African musical history comes to life when master drummer Obo Addy steps on stage. As a prominent member of the first generation of African musicians to bring their traditional and popular music to Europe and America, this versatile magician of the drums embodies the past, present and future of Ghana's musical culture. An original and respected composer whose music reaches far beyond the boundaries of his land of birth, Addy has a twenty-year presence on the international performing arts scene and has become known for his ability to celebrate past traditions while expanding to embrace new ideas and foreign influences. Internationally, Obo Addy's contribution can be measured by the fact that he is one of the key originators of the seminal musical movement now known as "Worldbeat."
It is not by accident that Obo Addy is a musical bridge between old and new, between Ghanaian and foreign. His musical background is a combination of the rigorous standards of ritual music he learned from his father, a Wonche Priest, with the flashy international pop music he performed as a young professional with big bands in Accra, Ghana. After moving away from performing Western standards on the nightclub circuit, Obo Addy joined the National Arts Council of Ghana, becoming a master in the traditional music and dance of the many cultures in Ghana. Now living in the United States, he has created two colorful performing ensembles, each expressing one of the two closely-related sides of his musical personality; traditional and popular.
Lift every voice...Not only is he a percussionist of consummate skill, but Obo Addy is a singer and vocal arranger of unique character whose harmonic ideas and expressive vocal tone demonstrate for audiences the very real connections between West African and African-American singing styles. The musical compositions performed by both Okropong and Kukrudu, are frequently preceded by stirring polyphonic vocal introductions which display these characteristics.
AWARDS & RECOGNITION
In 1992, Obo Addy was commissioned by the innovative classical music rebels, the Kronos Quartet to compose "Wawshishijay" for their chart-topping album Pieces of Africa.

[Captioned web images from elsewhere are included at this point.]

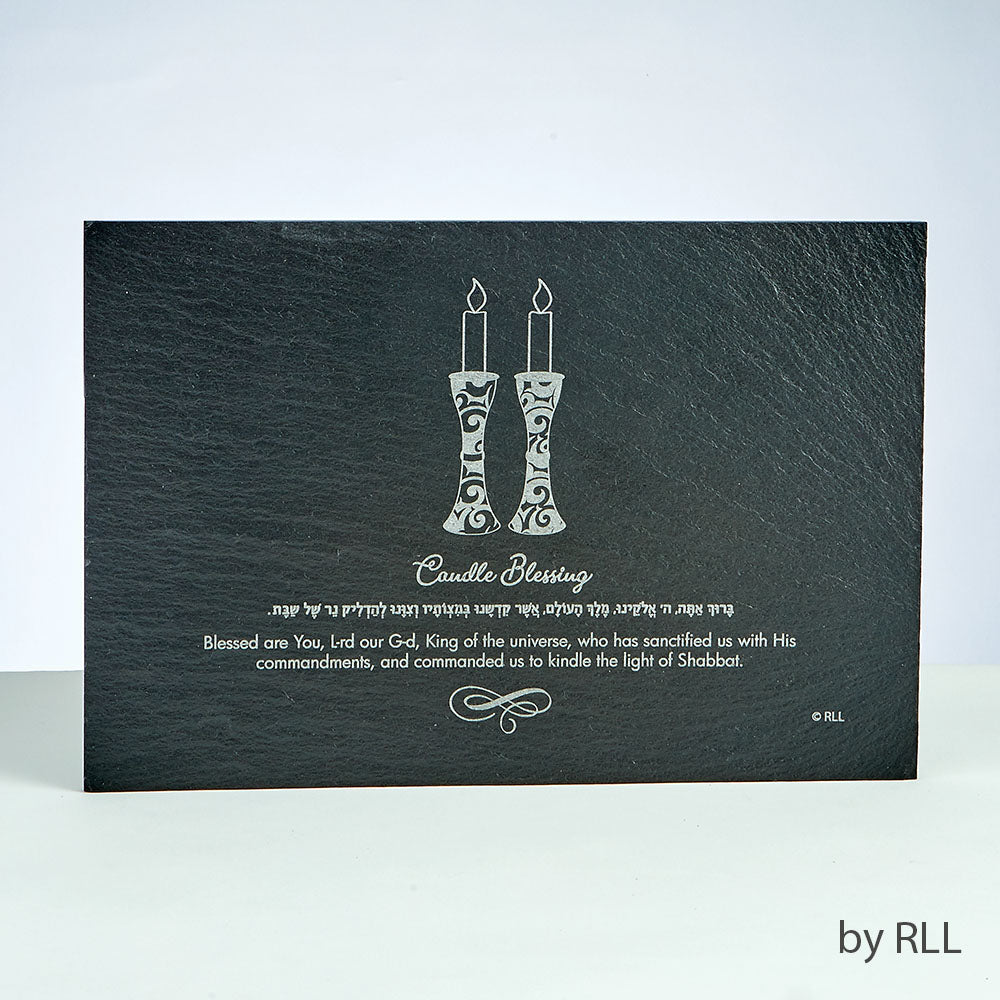black slate rectangle with image of candle sticks and blessings etched in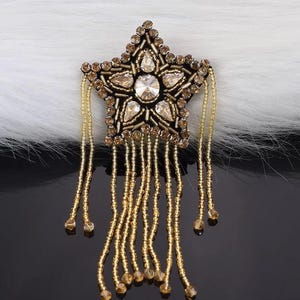 Könnte beinhalten: Ein goldener, sternförmiger Perlenbesatz mit einer Fransen aus goldenen Perlen. Der Stern ist mit klaren und braunen Strasssteinen verziert.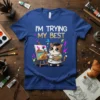 I'm Trying My Best t-shirt with a cute cartoon cat dressed as an artist painting on an easel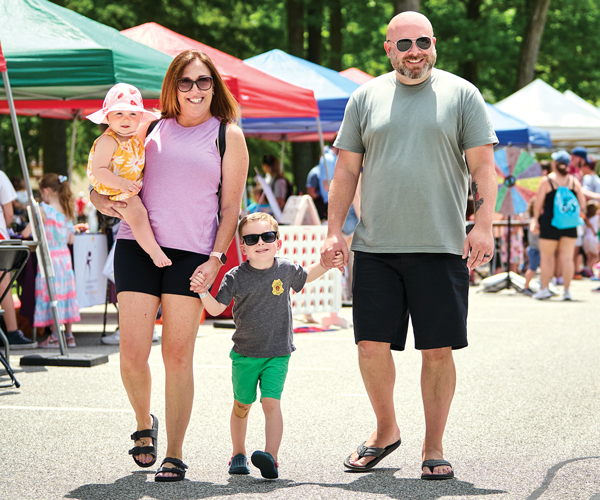 A family of four holding hands and smiling while they walk toward the camera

Addy continues to pursue other opportunities for commissions. Obo Addy has been awarded the Oregon Arts Commission and Regional Arts & Culture Council Master's Fellowship, the Governors Award for the Arts and recognition from the Oregon Multicultural Education Association. In 1996, he was awarded the National Heritage Fellowship Award by the National Endowment for the Arts. This is the highest honor a traditional artist can receive in this country. Obo is the first African born artist to ever receive the award.